Au tournant des années 2000, Dieudonné lui-aussi distillait l’idée qu’il se présenterait aux suffrages pour défier la classe politique. La société française n’y était pas prête. Aujourd’hui, le discrédit de la parole des élus est tel que les guignols les plus en vogue pensent avoir un coup à jouer. Non pour sauver le pays, mais pour satisfaire leur désir de répandre le trash. Avec Bigard, ex-futur prétendant, ou avec Hanouna, protagoniste encore indécis, la vulgarité comble le défaut de pensée. Le seul plaisir d’effrayer les professionnels de la politique et de jauger son pouvoir d’influence en captant un électorat anti-système croissant suffit pour éveiller la tentation électorale. Dopé par le succès de masse, Trump est allé jusqu’au bout de ce qui était, au départ, une plaisanterie provocatrice.
"Aujourd’hui, le discrédit de la parole des élus est tel que les guignols les plus en vogue pensent avoir un coup à jouer. Non pour sauver le pays, mais pour satisfaire leur désir de répandre le trash"
Les plus désabusés parmi nos lecteurs répliqueront que les dirigeants de ces dernières décennies, cyniques, prédateurs, félons et médiocres, ont bien mérité d’être évincés par l’homme du peuple. Qu’il est de l’ordre de la justice humaine que le bouffon méprisé renverse le potentat. Ils feront alors fausse route. Primo, les chances qu’une candidature anti-système menée par le plus grotesque des clowns aboutisse à son élection est quasi-nulle. Le succès final de Donald Trump tient au mode de scrutin propre à la présidentielle américaine, dans lequel remporter le vote populaire est secondaire ; il n’est pas transposable à l’élection présidentielle française, scrutin majoritaire, uninominal à deux tours. Secundo, une posture n’est pas un programme, ni le dégagisme – qui peut toujours se retourner contre son promoteur – un mode de gouvernement.
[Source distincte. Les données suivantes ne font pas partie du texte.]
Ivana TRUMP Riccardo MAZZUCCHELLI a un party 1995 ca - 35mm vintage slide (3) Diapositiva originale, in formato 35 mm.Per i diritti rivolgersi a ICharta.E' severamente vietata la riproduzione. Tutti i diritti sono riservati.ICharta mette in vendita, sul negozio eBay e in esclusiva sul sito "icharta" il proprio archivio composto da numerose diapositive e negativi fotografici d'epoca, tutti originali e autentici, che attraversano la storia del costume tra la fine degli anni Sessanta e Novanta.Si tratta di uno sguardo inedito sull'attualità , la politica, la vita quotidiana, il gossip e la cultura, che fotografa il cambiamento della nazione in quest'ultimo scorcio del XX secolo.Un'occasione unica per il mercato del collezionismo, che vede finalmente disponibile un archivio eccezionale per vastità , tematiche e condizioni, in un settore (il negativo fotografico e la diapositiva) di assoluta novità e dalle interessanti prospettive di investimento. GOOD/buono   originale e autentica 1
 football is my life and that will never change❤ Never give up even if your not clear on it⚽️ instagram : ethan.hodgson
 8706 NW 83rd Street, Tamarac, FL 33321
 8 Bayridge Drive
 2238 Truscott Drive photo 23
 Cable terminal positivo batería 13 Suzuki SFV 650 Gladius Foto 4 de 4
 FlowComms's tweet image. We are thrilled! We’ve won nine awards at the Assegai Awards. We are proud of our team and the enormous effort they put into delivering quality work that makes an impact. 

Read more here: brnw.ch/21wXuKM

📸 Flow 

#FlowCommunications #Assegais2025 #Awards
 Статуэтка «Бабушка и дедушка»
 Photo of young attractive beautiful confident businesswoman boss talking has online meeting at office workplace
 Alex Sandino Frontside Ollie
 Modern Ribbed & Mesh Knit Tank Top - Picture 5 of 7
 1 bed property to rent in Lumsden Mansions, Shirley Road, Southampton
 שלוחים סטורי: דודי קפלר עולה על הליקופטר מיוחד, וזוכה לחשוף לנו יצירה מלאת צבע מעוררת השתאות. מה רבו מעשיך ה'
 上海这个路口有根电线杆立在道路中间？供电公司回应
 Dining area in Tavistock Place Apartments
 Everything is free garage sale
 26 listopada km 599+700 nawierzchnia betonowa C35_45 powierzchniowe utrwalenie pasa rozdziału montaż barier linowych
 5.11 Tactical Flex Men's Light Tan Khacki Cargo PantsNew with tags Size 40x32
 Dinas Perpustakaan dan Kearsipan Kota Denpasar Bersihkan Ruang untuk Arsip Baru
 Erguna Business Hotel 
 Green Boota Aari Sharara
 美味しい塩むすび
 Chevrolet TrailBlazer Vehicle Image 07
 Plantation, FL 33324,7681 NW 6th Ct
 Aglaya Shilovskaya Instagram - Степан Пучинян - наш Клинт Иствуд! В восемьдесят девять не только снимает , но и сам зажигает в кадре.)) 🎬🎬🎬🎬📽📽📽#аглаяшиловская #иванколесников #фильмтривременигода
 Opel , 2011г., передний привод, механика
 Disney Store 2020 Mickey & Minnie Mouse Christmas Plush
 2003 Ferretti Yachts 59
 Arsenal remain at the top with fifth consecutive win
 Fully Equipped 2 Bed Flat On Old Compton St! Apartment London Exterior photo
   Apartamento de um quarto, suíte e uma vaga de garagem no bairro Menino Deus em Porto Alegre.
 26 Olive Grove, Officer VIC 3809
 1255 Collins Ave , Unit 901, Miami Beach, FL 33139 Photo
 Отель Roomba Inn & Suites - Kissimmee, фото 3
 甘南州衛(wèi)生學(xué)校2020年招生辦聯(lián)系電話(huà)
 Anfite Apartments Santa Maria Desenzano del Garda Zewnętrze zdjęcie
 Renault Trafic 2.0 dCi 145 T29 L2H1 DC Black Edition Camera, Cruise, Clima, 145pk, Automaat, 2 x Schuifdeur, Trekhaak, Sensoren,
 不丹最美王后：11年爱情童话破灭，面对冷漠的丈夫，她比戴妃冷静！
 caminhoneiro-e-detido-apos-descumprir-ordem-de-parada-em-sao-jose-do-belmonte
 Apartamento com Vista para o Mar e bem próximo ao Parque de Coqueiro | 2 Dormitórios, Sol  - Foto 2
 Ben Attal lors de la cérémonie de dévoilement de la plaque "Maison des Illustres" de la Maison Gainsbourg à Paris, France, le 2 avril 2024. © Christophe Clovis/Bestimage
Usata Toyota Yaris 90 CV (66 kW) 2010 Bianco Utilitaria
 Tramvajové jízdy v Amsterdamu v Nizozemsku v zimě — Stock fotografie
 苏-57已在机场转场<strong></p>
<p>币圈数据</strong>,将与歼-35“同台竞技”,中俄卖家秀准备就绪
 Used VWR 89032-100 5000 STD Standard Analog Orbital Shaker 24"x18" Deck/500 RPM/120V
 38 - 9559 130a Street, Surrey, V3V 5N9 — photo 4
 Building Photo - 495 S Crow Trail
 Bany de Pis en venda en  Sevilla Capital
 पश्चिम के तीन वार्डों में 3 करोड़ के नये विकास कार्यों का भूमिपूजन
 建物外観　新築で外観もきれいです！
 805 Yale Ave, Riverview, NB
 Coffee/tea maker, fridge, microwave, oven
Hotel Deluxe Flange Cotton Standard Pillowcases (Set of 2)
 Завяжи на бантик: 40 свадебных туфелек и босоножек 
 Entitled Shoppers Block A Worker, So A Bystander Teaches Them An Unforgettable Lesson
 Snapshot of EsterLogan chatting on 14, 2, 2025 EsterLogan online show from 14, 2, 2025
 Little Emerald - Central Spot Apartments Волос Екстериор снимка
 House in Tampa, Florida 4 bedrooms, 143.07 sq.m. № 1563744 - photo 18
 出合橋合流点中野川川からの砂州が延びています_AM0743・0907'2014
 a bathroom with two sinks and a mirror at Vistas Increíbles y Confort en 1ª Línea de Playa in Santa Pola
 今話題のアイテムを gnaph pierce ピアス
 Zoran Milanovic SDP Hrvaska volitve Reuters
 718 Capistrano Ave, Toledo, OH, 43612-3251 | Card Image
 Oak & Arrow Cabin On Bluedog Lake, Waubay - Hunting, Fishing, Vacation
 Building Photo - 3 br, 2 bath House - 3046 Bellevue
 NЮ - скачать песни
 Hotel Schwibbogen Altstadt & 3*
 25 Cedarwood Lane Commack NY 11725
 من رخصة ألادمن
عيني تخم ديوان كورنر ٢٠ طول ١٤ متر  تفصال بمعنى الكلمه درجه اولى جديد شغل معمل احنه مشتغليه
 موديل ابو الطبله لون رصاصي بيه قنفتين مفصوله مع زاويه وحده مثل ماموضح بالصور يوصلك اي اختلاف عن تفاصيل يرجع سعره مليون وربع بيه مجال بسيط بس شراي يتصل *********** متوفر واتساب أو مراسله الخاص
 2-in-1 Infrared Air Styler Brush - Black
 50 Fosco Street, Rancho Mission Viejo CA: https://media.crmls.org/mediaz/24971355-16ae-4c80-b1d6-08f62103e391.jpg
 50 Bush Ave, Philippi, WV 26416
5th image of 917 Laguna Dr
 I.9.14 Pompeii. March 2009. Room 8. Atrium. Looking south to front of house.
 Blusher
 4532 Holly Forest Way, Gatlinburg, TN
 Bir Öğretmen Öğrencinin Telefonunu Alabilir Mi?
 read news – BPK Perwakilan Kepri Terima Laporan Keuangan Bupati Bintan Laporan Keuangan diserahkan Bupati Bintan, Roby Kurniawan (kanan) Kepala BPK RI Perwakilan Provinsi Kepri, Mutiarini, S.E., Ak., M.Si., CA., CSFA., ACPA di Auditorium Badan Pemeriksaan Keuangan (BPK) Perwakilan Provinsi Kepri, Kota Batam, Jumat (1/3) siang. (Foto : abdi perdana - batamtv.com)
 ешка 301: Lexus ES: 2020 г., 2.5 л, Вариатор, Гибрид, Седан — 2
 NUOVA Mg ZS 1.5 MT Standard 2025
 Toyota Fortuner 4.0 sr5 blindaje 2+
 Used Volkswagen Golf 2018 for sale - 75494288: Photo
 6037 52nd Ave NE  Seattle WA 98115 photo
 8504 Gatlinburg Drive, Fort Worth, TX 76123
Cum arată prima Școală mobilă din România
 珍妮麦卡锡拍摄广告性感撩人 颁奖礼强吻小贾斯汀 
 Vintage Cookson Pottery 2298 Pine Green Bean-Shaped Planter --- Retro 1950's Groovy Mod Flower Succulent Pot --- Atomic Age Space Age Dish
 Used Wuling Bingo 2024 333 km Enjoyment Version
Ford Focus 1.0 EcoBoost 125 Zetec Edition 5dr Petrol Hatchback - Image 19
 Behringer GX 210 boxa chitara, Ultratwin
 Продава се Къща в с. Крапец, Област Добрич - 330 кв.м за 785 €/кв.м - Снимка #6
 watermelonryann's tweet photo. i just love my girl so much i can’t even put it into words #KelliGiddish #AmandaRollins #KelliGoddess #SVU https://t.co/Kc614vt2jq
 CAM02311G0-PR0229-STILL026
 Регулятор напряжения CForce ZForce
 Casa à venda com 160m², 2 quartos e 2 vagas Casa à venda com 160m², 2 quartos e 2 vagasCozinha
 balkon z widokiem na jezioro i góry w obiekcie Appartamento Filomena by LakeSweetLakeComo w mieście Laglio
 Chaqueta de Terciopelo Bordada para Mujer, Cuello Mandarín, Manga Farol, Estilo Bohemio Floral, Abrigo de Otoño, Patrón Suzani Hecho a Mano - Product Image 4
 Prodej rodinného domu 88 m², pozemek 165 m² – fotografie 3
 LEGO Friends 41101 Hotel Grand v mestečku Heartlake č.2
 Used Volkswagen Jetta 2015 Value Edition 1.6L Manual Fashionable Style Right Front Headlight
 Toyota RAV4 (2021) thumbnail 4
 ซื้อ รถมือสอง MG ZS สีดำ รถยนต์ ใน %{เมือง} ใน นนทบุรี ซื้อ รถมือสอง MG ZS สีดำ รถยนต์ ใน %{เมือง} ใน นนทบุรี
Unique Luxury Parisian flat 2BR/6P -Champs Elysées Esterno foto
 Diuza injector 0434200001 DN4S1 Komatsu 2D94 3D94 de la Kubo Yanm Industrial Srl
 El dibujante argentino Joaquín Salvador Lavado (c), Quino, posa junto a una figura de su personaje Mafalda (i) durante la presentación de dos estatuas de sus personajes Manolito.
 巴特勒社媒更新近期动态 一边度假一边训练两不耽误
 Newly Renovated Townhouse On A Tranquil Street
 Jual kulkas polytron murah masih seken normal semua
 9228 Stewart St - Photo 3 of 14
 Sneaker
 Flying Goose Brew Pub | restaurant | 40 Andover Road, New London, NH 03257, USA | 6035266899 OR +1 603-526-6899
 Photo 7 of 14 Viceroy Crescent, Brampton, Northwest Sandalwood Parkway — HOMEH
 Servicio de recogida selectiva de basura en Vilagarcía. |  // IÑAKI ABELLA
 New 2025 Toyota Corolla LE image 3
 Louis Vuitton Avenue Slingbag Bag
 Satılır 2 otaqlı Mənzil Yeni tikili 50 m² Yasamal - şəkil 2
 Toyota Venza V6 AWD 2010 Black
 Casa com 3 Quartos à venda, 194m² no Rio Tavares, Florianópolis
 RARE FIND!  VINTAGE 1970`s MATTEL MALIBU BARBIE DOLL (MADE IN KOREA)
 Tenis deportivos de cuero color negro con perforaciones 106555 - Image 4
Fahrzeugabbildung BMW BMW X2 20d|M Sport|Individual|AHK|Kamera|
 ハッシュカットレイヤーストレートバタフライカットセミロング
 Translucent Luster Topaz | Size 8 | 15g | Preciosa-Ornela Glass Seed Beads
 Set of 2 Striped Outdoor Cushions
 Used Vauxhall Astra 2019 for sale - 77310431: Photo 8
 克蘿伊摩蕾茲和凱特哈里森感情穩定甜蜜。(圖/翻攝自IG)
Tertio, déçus du systèmes ou citoyens déclassés, appauvris et fragilisés, qui auraient tant besoin d’un porte-drapeau crédible, n’ont rien à gagner en suivant un candidat fantasque, apte à aspirer des voix (10 % ? 15 % ?) mais générateur d'un espoir purement artificiel.
Si l’épopée frondeuse aux côtés d’un trublion devient une perspective étrangement fascinante, il y a plus de danger à considérer la politique comme une farce absolue que de préserver l’idée – naïve, oui, mais fondamentale ! – qu’elle a vocation à améliorer le quotidien, pour peu qu’elle soit conduite par des gens valeureux.